PROVIDED DATA:
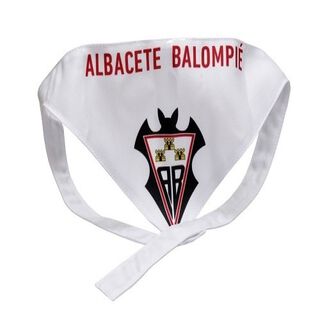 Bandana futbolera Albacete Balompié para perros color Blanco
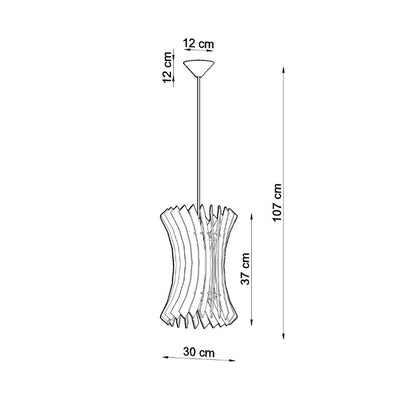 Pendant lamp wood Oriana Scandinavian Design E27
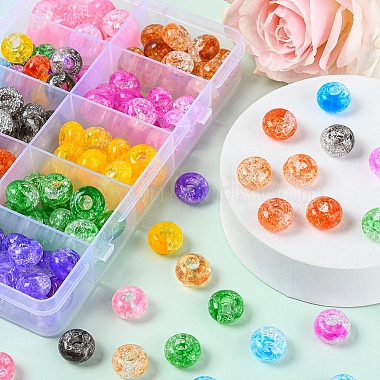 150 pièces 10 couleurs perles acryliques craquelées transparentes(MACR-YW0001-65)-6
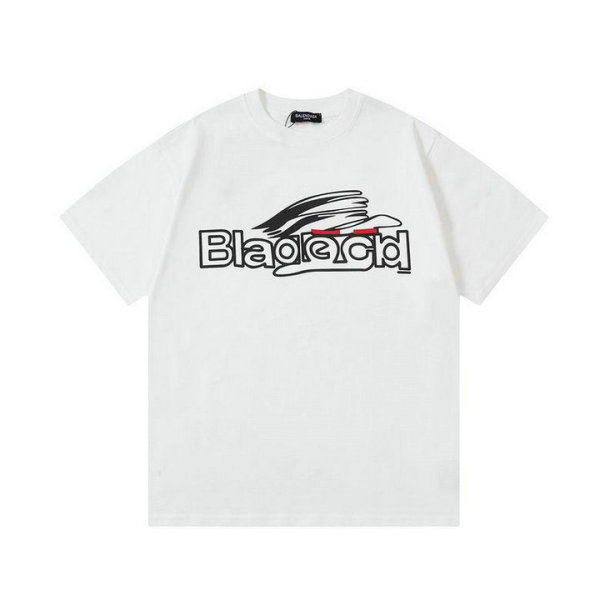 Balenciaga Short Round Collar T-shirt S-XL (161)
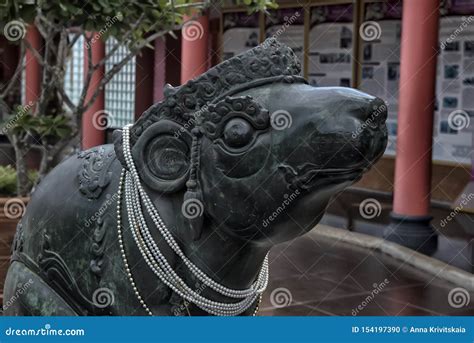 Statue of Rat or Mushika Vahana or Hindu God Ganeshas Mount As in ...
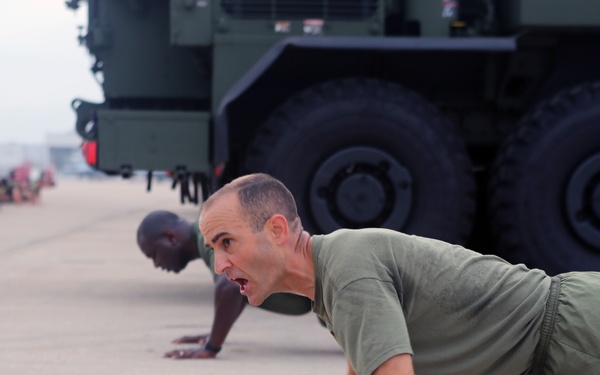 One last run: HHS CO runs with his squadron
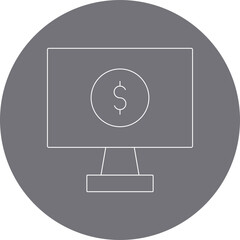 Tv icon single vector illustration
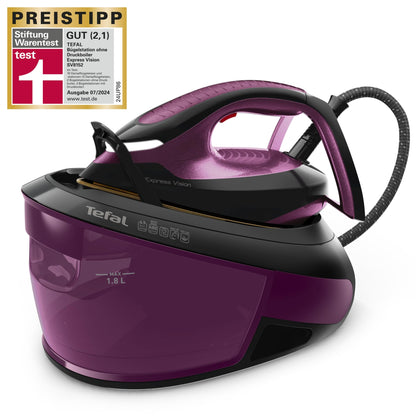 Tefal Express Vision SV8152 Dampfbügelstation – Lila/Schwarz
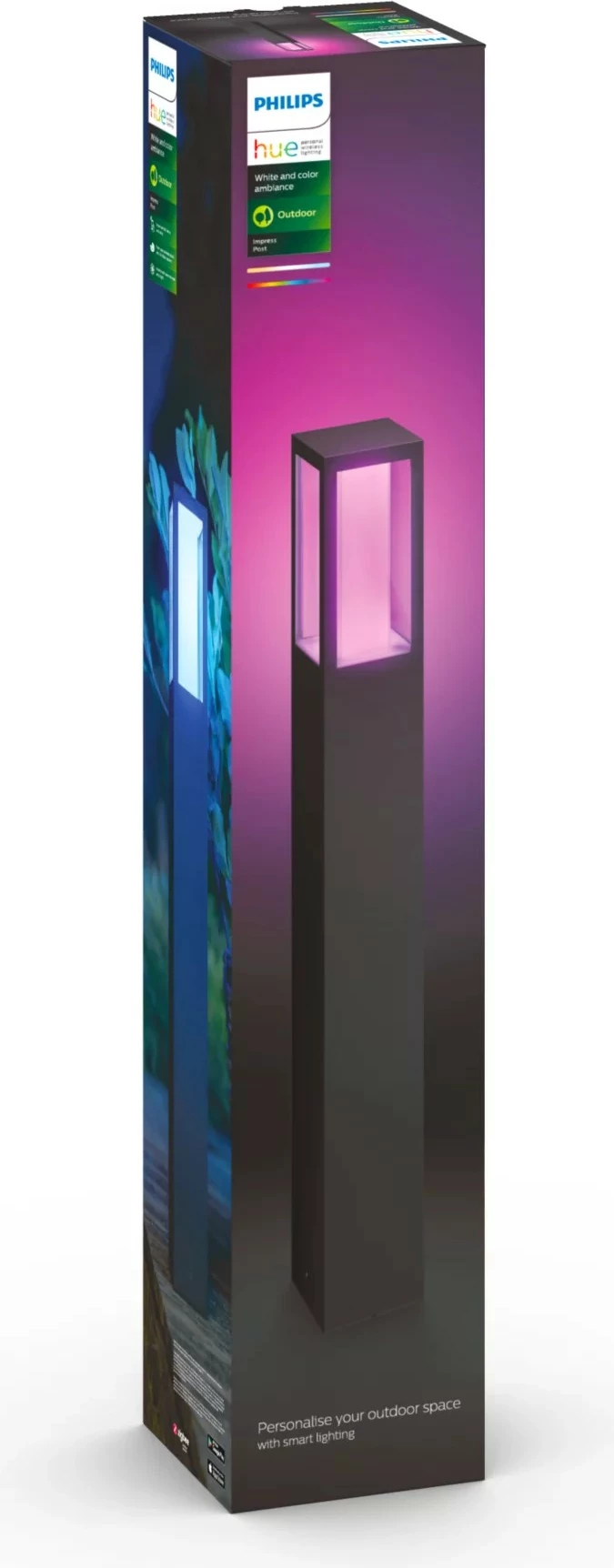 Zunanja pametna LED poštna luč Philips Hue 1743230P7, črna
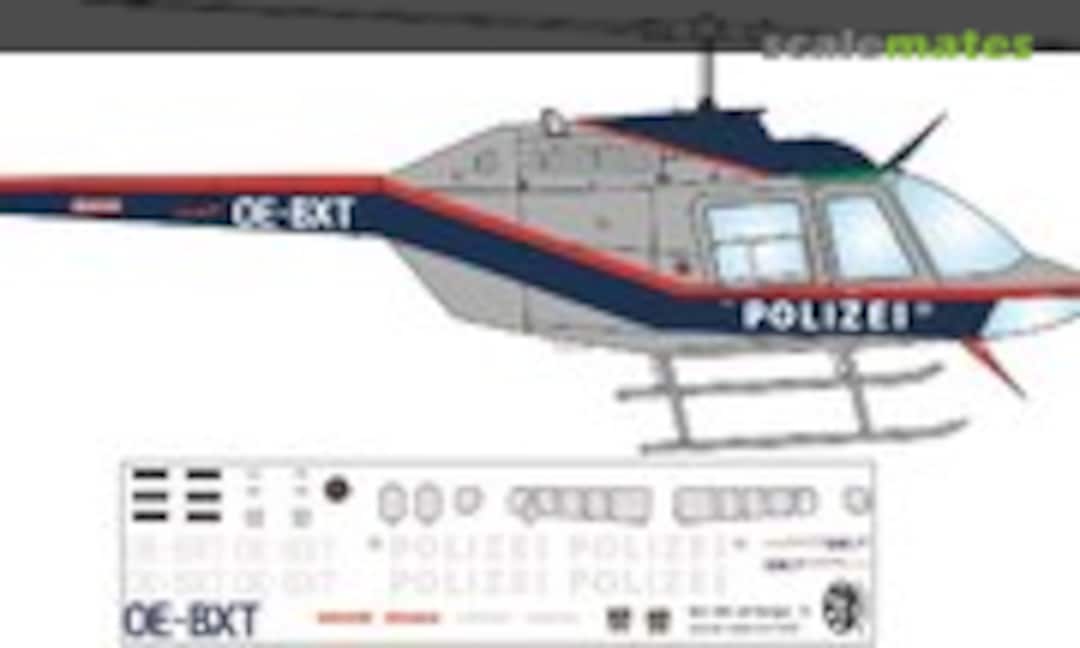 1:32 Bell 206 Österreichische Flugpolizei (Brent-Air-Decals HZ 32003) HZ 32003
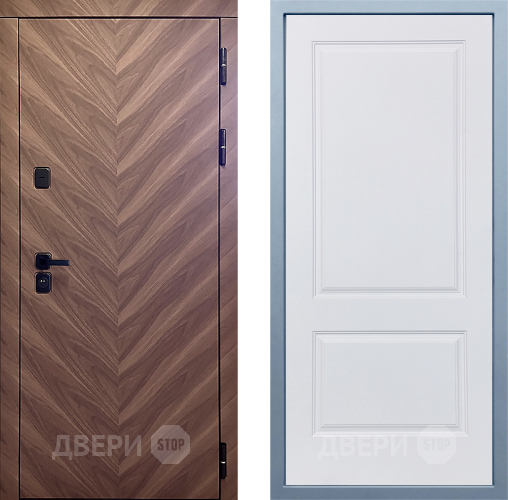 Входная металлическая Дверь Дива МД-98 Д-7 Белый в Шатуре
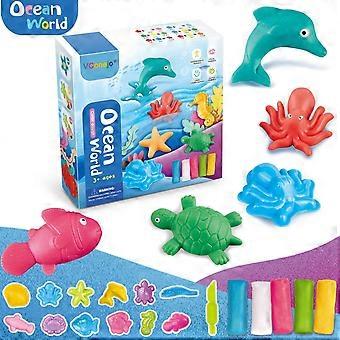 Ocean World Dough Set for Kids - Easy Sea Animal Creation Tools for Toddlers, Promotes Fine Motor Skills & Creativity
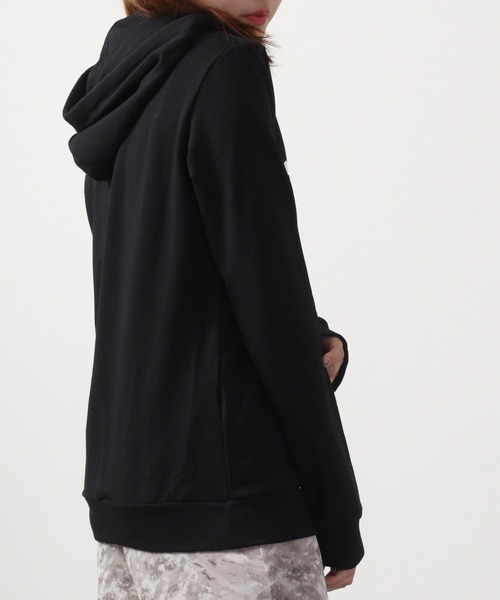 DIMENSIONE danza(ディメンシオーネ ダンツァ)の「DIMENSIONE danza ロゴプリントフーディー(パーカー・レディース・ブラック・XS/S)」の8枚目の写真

WORK ORDER:
Copy exactly the lines running from the line with "Zunanja pametna LED" to the final line of the listing, keeping both ends and dropping any picture.

TASK SOLUTION:
 Zunanja pametna LED poštna luč Philips Hue 1743230P7, črna
 1:32 Bell 206 Österreichische Flugpolizei (Brent-Air-Decals HZ 32003) HZ 32003
 Входная металлическая Дверь Дива МД-98 Д-7 Белый в Шатуре
 Ocean World Dough Set for Kids - Easy Sea Animal Creation Tools for Toddlers, Promotes Fine Motor Skills & Creativity
 DIMENSIONE danza(ディメンシオーネ ダンツァ)の「DIMENSIONE danza ロゴプリントフーディー(パーカー・レディース・ブラック・XS/S)」の8枚目の写真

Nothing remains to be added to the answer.